A major issue in a shared services environment or system having multiple members is the ability to sufficiently provide the shared services to such clients. This is especially true for a network system, such as an information'technology (IT) enterprise-wide network or system, wherein shared services typically involve the transfers of large amounts of data or content to and from the system members. As referred herein, and as understood in the art, information technology, or IT, encompasses all forms of technology, including but not limited to the design, development, installation, and implementation of hardware and software information systems and software applications, used to create, store, exchange and utilize information in its various forms including but not limited to business data, conversations, still images, motion pictures and multimedia presentations technology and with the design, development, installation, and implementation of information systems and applications.
In the case of a shared services system that manages and provides services to the system members therein, there are typically functional components or contents that need to be deployed and distributed to system members within a management domain of such a system. For example, a management service such as change management in an IT enterprise-wide network may require support for the deployment of potentially large amounts of content to a large number of members in the IT enterprise-wide network, such as network hosts, clients, virtual machines and appliances. As referred herein, change management is a planned or organized approach to providing the desired or necessary changes within a system for one or more of its hosts, clients, or both. For example, change management in an IT enterprise-wide network system may be a software configuration management which manages the distribution of software patches or updates, security patches or updates, and configuration information and management software to one or more members in the IT enterprise-wide network or system.

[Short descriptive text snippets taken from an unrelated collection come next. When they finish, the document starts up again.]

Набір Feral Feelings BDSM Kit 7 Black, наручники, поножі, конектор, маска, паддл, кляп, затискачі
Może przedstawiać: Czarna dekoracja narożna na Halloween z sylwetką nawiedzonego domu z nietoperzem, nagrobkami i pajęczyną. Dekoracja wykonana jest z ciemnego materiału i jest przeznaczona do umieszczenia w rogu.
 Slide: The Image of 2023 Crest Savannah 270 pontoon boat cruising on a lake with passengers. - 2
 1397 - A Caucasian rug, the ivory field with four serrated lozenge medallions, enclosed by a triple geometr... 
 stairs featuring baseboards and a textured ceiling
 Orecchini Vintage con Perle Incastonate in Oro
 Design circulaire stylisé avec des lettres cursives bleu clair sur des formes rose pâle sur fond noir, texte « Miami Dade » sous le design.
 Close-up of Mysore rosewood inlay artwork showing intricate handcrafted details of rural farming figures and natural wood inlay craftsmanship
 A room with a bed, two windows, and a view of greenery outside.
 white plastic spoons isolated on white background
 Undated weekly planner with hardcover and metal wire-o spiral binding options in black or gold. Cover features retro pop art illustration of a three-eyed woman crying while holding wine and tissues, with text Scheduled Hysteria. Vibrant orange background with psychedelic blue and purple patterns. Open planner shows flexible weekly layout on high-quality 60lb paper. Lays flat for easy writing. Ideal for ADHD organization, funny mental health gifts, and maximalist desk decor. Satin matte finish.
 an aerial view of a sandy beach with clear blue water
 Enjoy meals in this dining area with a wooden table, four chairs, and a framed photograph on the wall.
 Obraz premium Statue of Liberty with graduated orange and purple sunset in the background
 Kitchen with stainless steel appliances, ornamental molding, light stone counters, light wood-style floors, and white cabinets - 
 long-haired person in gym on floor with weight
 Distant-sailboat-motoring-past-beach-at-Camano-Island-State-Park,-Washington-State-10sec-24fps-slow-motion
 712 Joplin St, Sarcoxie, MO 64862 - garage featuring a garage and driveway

Often, there are cases where the source, or seed, of a large amount of content (e.g., a software upgrade content) required for a managed change (e.g., a software configuration change) is sitting in a data network (e.g., Internet). In such cases, there is a desire to avoid what is known as the “slashdot effect,” whereby the content source or seed is inundated with multiple requests for the same popular content. This slashdot effect creates scalability problems for traditional methods of delivering content, such as software updates, to running systems. That is because in a traditional method for content delivery, the contents are centralized at one or more hosts that act as servicing hubs. Thus, services are provided from the content hosts to those clients connected to such hosts. Each content host must then have sufficient computing power and bandwidth to accommodate servicing requests from those clients connected thereto. As more clients are connected to the hosts or the size of the content delivery increases, infrastructure costs are incurred to necessarily upgrade the hosts to be powerful and to have higher system bandwidth to handle the increased content requirements. This scalability problem is especially pronounced in, for example, an IT enterprise-wide network or data center that employs machine virtualization. In such a system, while there are only a few thousand nodes in the IT enterprise-wide network, such nodes may effectively run tens of thousand of virtual nodes that all need the same content, such as updates to the latest software application or operating system (OS). This kind of scale creates a localized slashdot effect within the IT enterprise-wide network.
Peer-to-peer, or P2P, file sharing technologies long have been used to support the sharing of large amounts of content between a potentially large community of nodes or users. Torrent-based P2P file sharing systems, such as BitTorrent, KTorrent, μTorrent, and BitComet, have emerged as systems of choice for distributing very large amounts of content across a data network such as the Internet. These P2P systems have allowed non-profit and open source organizations to avoid deploying large server farms and instead rely on a small number of mirror sites that know they won't get totally inundated with massive amounts of download requests.